Sorry, I was unclear. This branch actually adds two things: first there's the date extraction code, which works and is ready to go (this addresses #154). Then there's a function called tabDelimit
that converts an iterator of tuples (consisting of Strings, Ints, or other tuples) to a tab-separated string of the flattened tuple's values. I assume it's meant to be used to output extracted records in TSV format instead of tuples.
Currently, we need to convert a tuple to an iterator as seen below in the second map()
.
import org.warcbase.spark.rdd.RecordRDD._
import org.warcbase.spark.matchbox.{RecordLoader, RemoveHTML}
import org.warcbase.spark.matchbox.TupleFormatter._
RecordLoader.loadWarc("./example.warc.gz", sc)
.keepValidPages()
.map(r => (r.getCrawldate, r.getDomain, r.getUrl, RemoveHTML(r.getContentString)))
.map(r => tabDelimit(Iterator(r)))
.saveAsTextFile("out/")
I was just wondering if @aliceranzhou had a different use scenario in mind – i.e., a scenario where an iterator of tuples occurs naturally, possibly with nesting. If not, tabDelimit
could be written more simply.
e.g.,
def tabDelimit2(p: Product): String = {
p.productIterator.mkString("\t")
}
Yes, I think the tuples were nested when I originally wrote tabDelimit..
Your version of tabDelimit
is much cleaner though – let's go with that! If nested tuples don't occur, then let's just deprecate the first version.
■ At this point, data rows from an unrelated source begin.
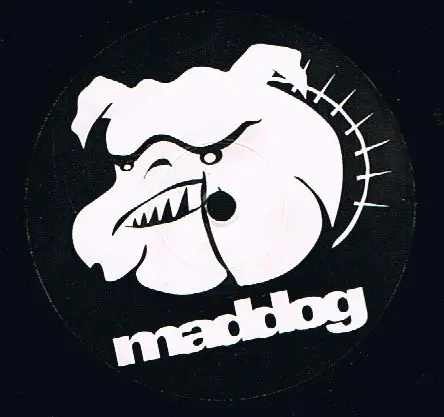 Porn Kings - Up To No Good, Electronic, Hard House, House, 1996 - Maddog, Germany, Vinyl 1x 12"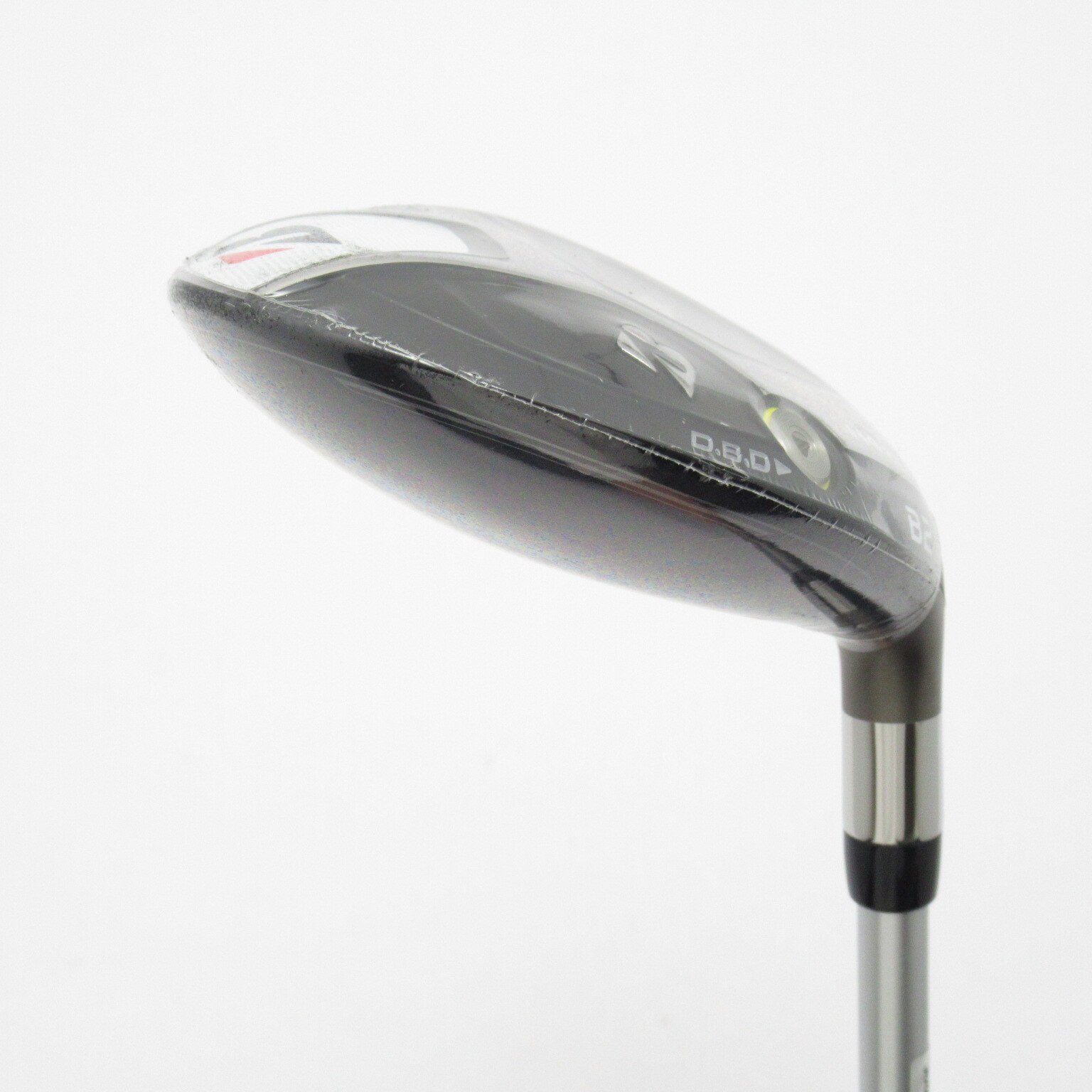 中古】B2 HT ハイブリッド ユーティリティ SPEEDER NX BS40h 22 R相当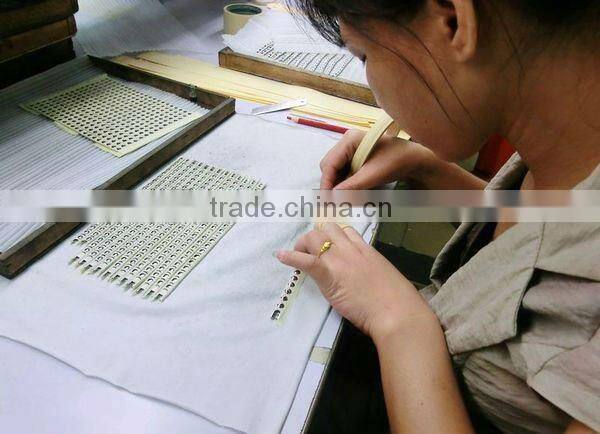 Black Silicone Stainless steel Bracelet #17000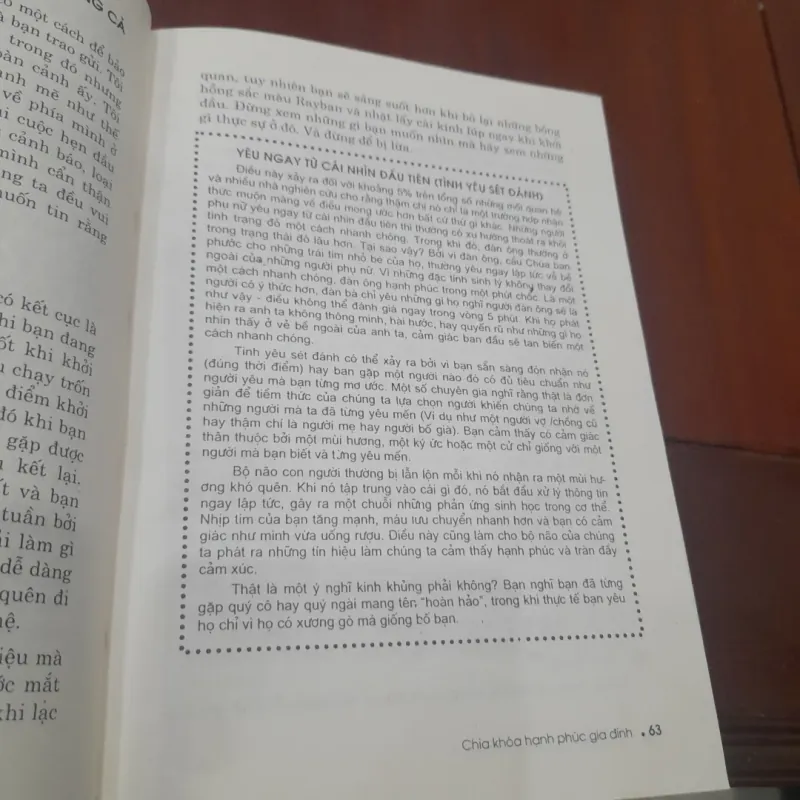 Tracey Cox - CẨM NANG VỢ CHỒNG, chìa khóa giữ hạnh phúc 1022824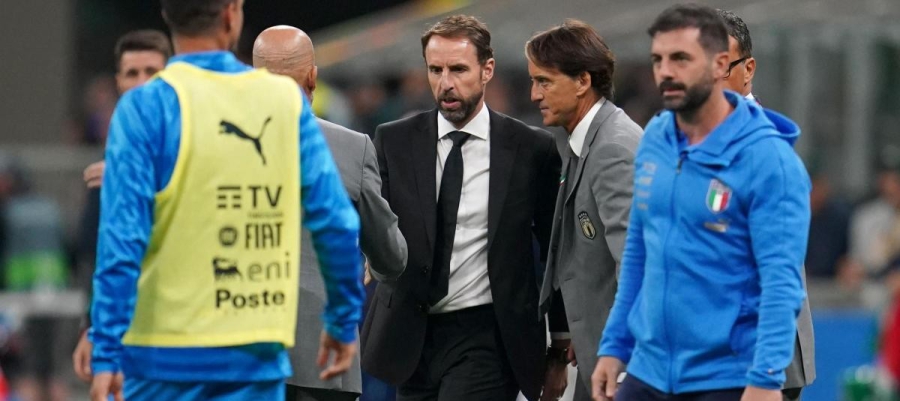 Σάουθγκεϊτ: «Πιστεύω ότι η εμφάνισή μας ήταν ένα βήμα προς τη σωστή κατεύθυνση»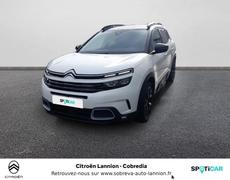 Citroen C5 Aircross - BlueHDi 130ch S&S Shine Pack EAT8 E6.d - 20 490 €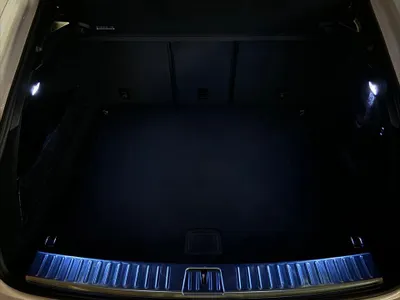 2021 Porsche Cayenne Turbo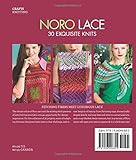 Image de Noro Lace: 30 Exquisite Knits (Knit Noro Collection)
Do you want to make the change @jrwiebe, or should I?
I ended up using shapeless to deal with the issue of taking as arguments to tabDelimit
or flatten
tuples of any size. (I did end up keeping the flattening after all, since I saw we do have example scripts in the docs where there is nesting to eliminate.) Shapeless permits us to make Scala behave dynamically in kind of a clever way, but after writing some example code to update the documentation I am beginning to wonder if it is robust enough. Specifically, while a call of map(tabDelimit(_))
applied to a RDD works (as in the example here), a call of something like map(r => tabDelimit((r.getCrawldate, ExtractLinks(r.getUrl, r.getContentString))))
fails on resolving tabDelimit's implicit parameters. Perhaps a variant of @aliceranzhou's tabDelimit
would ultimately be the better solution. We would want to add cases all the way up to Tuple22 for completeness, and a method defined for a Product parameter (i.e., any tuple) so that the user doesn't have to convert their tuple to an Iterator.
Since this pull request is closed, I'm leaving this comment mostly for myself in case this concern is elevated into an issue.
The date extraction code looks good. Is there a reason why
tabDelimit
should only work with tuples of size 2-4, though? Also, what are some use cases for the function?